GRAND FORKS, N.D. — "North Dakota" will not be an option when people affiliated with the University of North Dakota vote on a new nickname, the school's president said Friday.
A committee submitted five potential nicknames in July, but North Dakota wasn't among them. The committee was torn over whether to include the option of selecting no nickname among the finalists, but voted 7-4 against it. That led to a backlash by people who don't want a new nickname, and school President Robert Kelly to say he would consider the North Dakota nickname option.
Kelley said Friday that he decided against it because North Dakota is an existing identity, not a nickname.
"It is a reflection of our pride in who we are. We have been North Dakota — UND — for more than 130 years, and we always will be," he said in a statement. "The nickname committee has delivered a list of five prospective nicknames with the potential to add value to our already-existing North Dakota identity and evoke the pride and spirit that we all feel for our university and our state."
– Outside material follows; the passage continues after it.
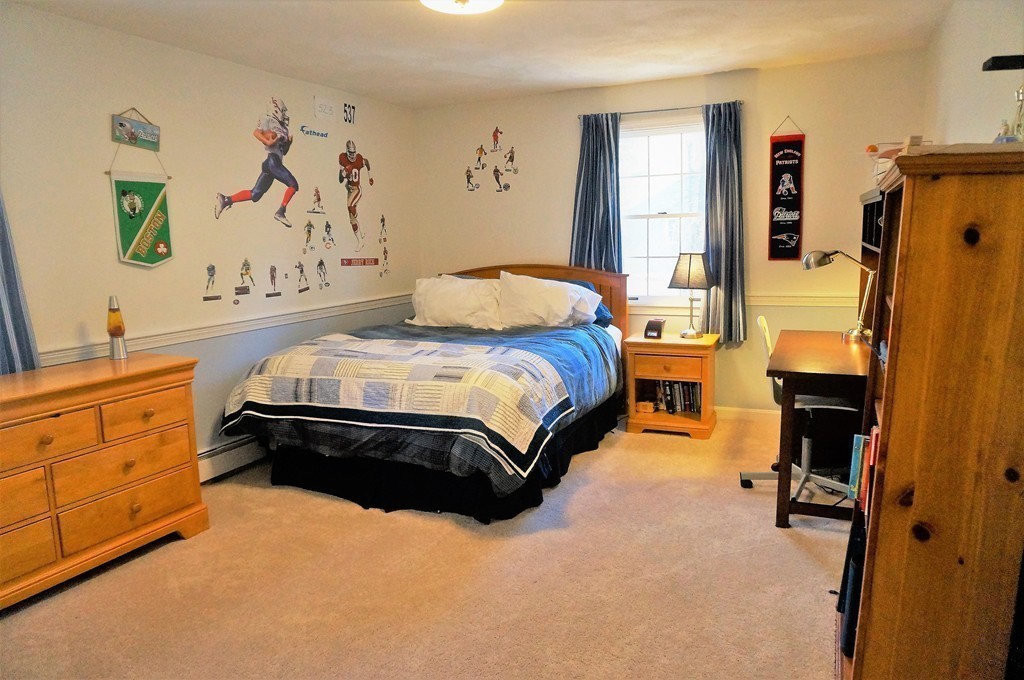 12 Barbara Road Sudbury, MA 01776 - Photo 16 of 26 a spacious bedroom with a bed and dresser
The five nickname finalists are the Roughriders, North Stars, Fighting Hawks, Nodaks and Sundogs. Online voting will be held for about a week in mid-October.
Minnesota Twins president and UND alumnus Dave St. Peter, who was one of the committee members who voted to add the North Dakota option to the list of finalists, said that while Kelley "opened the door a little bit" to putting no nickname to the voters, he's not surprised by the decision.
"At the end of the day, the committee voted to eliminate it," St. Peter said. "While I didn't like it, I understood it and respected it, as I did the entire process. I believe that it's time one way or another for the University of North Dakota to move forward."
Kevin Riley, a UND alumnus who helped organize a rally asking Kelley to include the no-nickname option, was less diplomatic.
"We weren't telling Kelley to name it North Dakota, we were just telling him to leave it as an option for people to vote on," Riley said. "We're just unhappy about this 'my way or the highway' attitude. We knew that when Kelley said he was going to consider it, all he was doing was trying to get everybody to calm down."
UND has been without a nickname since 2012, when the state Board of Higher Education retired the Fighting Sioux moniker that the NCAA deemed offensive. That was preceded by a lawsuit against the NCAA that resulted in a settlement agreement to drop the nickname, a law that was passed to keep the name and then rescinded, and a statewide vote that favored retiring the moniker.
People eligible to vote on the new nickname are current UND students, faculty and staff; school alumni and retirees; donors; and athletic event season ticket holders — "those individuals with the most direct ties to UND," Kelley said.
People who are a member of more than category may vote only once. Eligible voters will receive an email with voting instructions. The online voting process will be conducted by the Utah-based private research company Qualtrics.
If any of the proposed nicknames receives more than 50 percent of the votes, it will become the new moniker. If none of the options receives more than 50 percent of the vote, a runoff vote will be held between the two top vote-getters shortly after the initial vote.